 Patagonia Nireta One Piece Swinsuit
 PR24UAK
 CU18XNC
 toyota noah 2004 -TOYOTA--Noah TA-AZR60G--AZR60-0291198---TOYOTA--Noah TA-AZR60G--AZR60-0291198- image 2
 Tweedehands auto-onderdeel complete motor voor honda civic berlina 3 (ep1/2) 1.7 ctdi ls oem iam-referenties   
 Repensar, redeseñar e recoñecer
..........
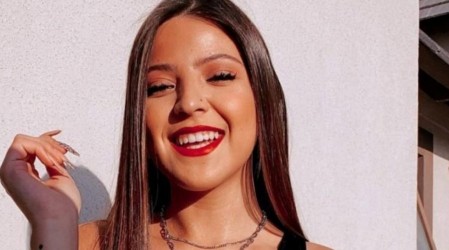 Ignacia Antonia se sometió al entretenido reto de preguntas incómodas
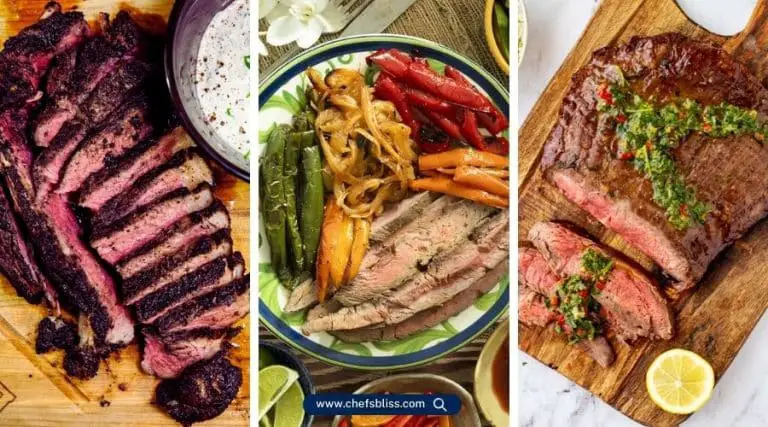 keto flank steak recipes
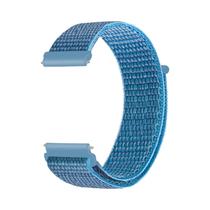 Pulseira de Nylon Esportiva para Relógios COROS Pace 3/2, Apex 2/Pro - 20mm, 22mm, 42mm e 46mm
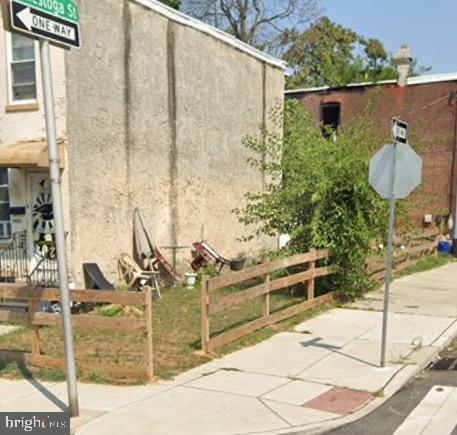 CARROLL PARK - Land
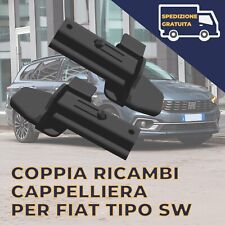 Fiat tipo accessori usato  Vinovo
..........
Return the material from the line containing "CARROLL PARK - Land" through the line containing "Fiat tipo accessori", exactly and in full, but without its pictures.

**Written reply:**
 CARROLL PARK - Land
 Fiat tipo accessori usato  Vinovo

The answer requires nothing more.